The city of Los Angeles is piloting a project that will use recycled plastic as a key ingredient in city roads. The city is using technology from TechniSoil and will test the method on First Street and Grand Avenue to see if it will work for other roads.
According to One Green Planet, tests show that plastic roads are up to seven times stronger than those made with regular asphalt. Environmentalists, however, have expressed concern about the leaching of plastic into waterways once they’re made into roads.
According to the report, currently, much of the recycled plastic in the city has ended up in landfills because of rising recycling costs. A place to put the bottles would help keep them out of landfills and alleviate the costs to the city.
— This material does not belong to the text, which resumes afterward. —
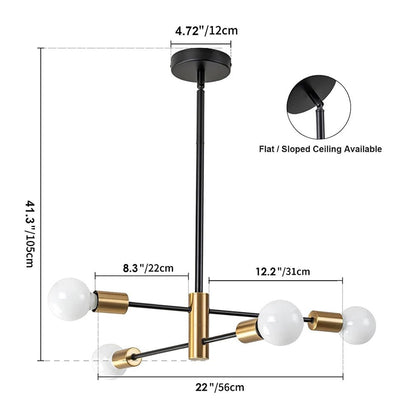 Modern Sputnik LED Chandelier – Pendant Lamp - Act Design Shop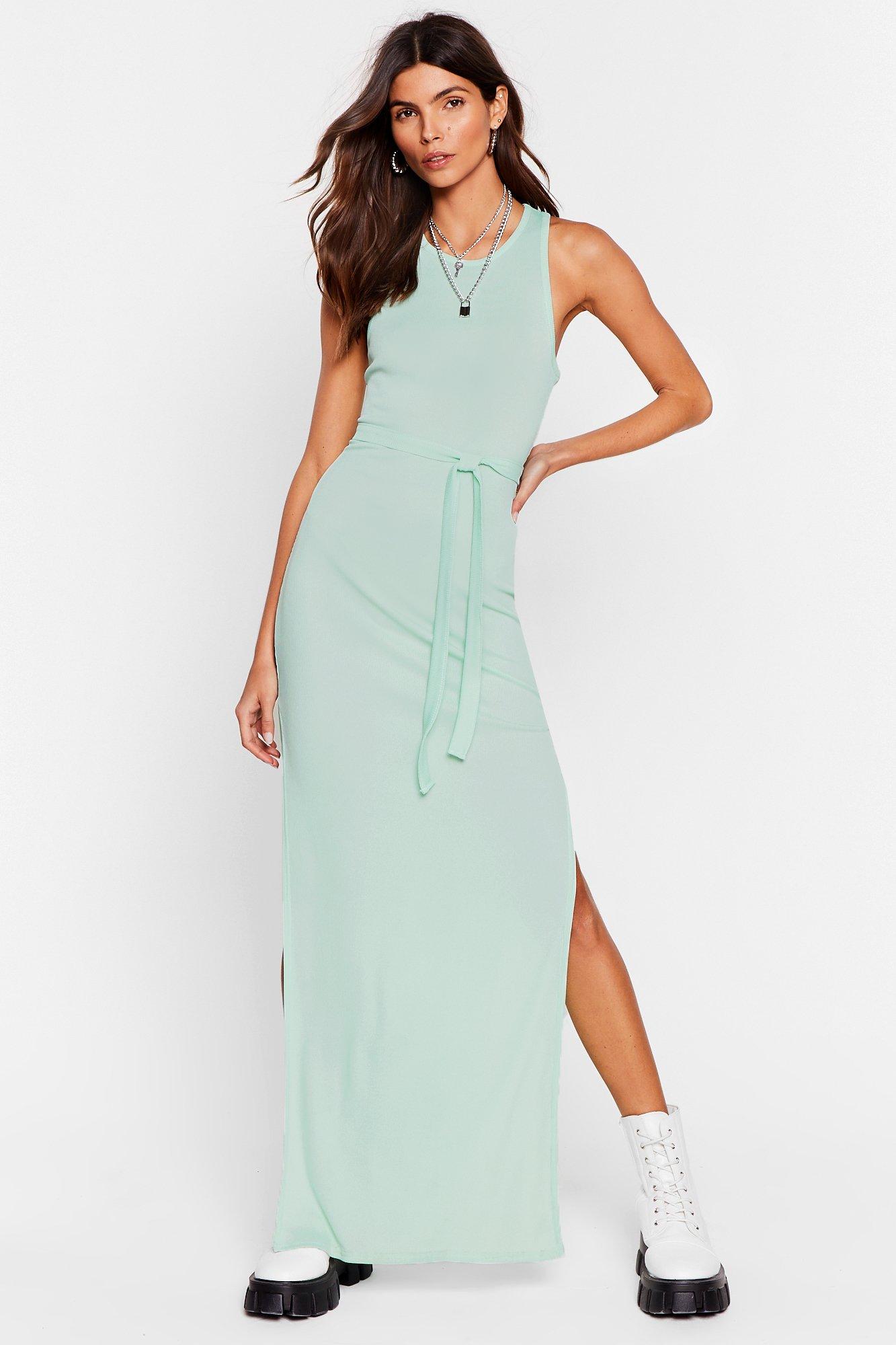 belted maxi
One Green Planet has more information:
The use of plastic in streets is being piloted in Los Angeles this year. Recycled plastic will be a key ingredient in roads, acting as the binder. Using technology from a company called TechniSoil, the city hopes it will be a good use of its excess plastic.
Using a pilot site of First Street and Grand Avenue, the city will test the method to see if it will work for other roads. To make a road, the asphalt is made into plastic by taking plastic pellets and turning them into an oil. This plastic oil is then mixed with materials and paved like normal, according to spokesperson Kevin Mozee from the Department of Street Services in Los Angeles.
Apart from using up recycled bottles and other plastics, these roads will produce less emissions and use less materials, costs and time to build. Tests show that plastic roads are up to seven times stronger than those made with regular asphalt.